Dans la plus pure tradition mémorialiste, de nombreux proches de Napoléon I er (Commentaires, 1867) rédigent leurs mémoires pour témoigner de la vie de l’empereur, notamment Emmanuel de Las Cases ( le Mémorial de Sainte Hélène, 1823) et le
général Léopold Hugo (le père de Victor Hugo, Mémoires du général Hugo, 1820).
Talleyrand rédige quant à lui à la fin de sa vie les Mémoires du prince de Talleyrand-Perigord (posth.
1891) dans lesquelles il précise qu’il n’« écri[t] pas [ses] mémoires
pour [se] justifier de [ses] fautes mais pour [s]’en accuser et quelquefois [se] défendre.
» René de Chateaubriand, pour sa part, écrit pendant près de trente ans ses Mémoires d'outre-tombe (première édition en volumes 1849-1850), chef d’œuvre
historique, politique, sentimental et poétique.
De nombreux écrivains, un peu partout en Europe, entreprennent également de rédiger leurs mémoires, souvent très autobiographiques, comme Carlo Goldoni ( Mémoires de M.
Goldoni pour servir à
l’histoire de sa vie et celle de son théâtre, en français, 1787), Johann Wolfgang von Goethe ( Poésie et vérité, 1831) ou les Français Stendhal ( Souvenirs d’égotisme, 1832 ; la Vie de Henry Brulard, rédigée en 1835-1836, publiée en 1890), Alexandre
Dumas ( Mes Mémoires, 1852-1856), George Sand ( Histoire de ma vie, 1855) et Victor Hugo ( Choses vues, posth.
1887-1900).
Des musiciens se lancent également dans des ouvrages mi-autobiographiques, mi-théoriques sur leur vie artistique
(Hector Berlioz, Charles Gounod) et beaucoup de personnalités de milieux très différents leur emboîtent le pas, notamment le criminel Lacenaire ( Mémoires, posth. 1836), François Eugène Vidocq ( Mémoires de Vidocq, chef de la police de Sûreté,
jusqu'en 1827, 1828) , Louise Michel ( Mémoires, 1886), les frères Goncourt ( Journal, Mémoires de la vie littéraire, 1887-1896 ).
3. 4 À partir du XXe siècle
Initié au siècle précédent, le déclin du genre s’accentue au XXe siècle.
L’appellation « mémoires », se faisant de plus en plus rare, est régulièrement remplacée par les termes « souvenirs », « journal » ou « vie », ou par des titres plus personnels et
plus caractéristiques de la période dont l’auteur se fait le témoin.

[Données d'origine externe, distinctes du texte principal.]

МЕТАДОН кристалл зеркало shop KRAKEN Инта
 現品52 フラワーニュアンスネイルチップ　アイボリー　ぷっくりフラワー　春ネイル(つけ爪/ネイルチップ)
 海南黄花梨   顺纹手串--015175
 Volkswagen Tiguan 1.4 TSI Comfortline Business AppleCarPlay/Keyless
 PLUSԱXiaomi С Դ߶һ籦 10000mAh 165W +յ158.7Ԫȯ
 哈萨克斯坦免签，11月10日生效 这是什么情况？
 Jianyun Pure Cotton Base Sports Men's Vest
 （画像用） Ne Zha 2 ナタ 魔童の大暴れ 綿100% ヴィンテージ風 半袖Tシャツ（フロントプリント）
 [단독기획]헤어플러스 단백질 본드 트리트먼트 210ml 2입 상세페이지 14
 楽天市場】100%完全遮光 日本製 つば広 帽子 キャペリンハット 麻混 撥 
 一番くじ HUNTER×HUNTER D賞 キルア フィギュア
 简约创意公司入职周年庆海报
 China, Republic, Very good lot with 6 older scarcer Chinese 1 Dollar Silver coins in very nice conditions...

La Belle époque est par exemple décrite dans des ouvrages comme les Pas effacés.
Mémoires (posth.
1923) de Robert de Montesquiou.
Parmi les témoignages de la Première guerre
mondiale figurent des récits historiques romancés (Henri Barbusse, le Feu, Journal d’une escouade, 1916 ; Louis Ferdinand Céline, Carnet du cuirassier Destouches, posth.
1970) qui ouvrent la voie à un nouveau genre de mémoires pendant la
Seconde Guerre mondiale (Pierre Clostermann, le Grand Cirque, 1948 ; Antoine de Saint-Exupéry, Pilote de Guerre, 1942).
En règle générale les personnalités politiques et militaires continuent d’utiliser l’appellation « mémoires » : Mémoires de
guerre (1954-1959) et Mémoires d’espoir (inachevé, 2 tomes, 1958-1972) de Charles de Gaulle ; les différents mémoires de Winston Churchill .
André Malraux a pour sa part rédigé les Antimémoires (1967), pour témoigner d’une façon nouvelle sa
rencontre avec l’histoire.
Pour certains récits, la frontière entre mémoires et autobiographie se brouille cependant toujours davantage et les deux genres finissent par parfois se confondre.
François Mauriac publie les Mémoires intérieurs (1959) et les Nouveaux Mémoires
intérieurs (1965), Simone de Beauvoir les Mémoires d’une jeune fille rangée, Jean-Paul Sartre les Mots.
Le mot mémorial rivalise aussi parfois avec le terme mémoires, notamment dans l’œuvre de Marcel Jouhandeau ( Mémorial, 1948-1958), et celle.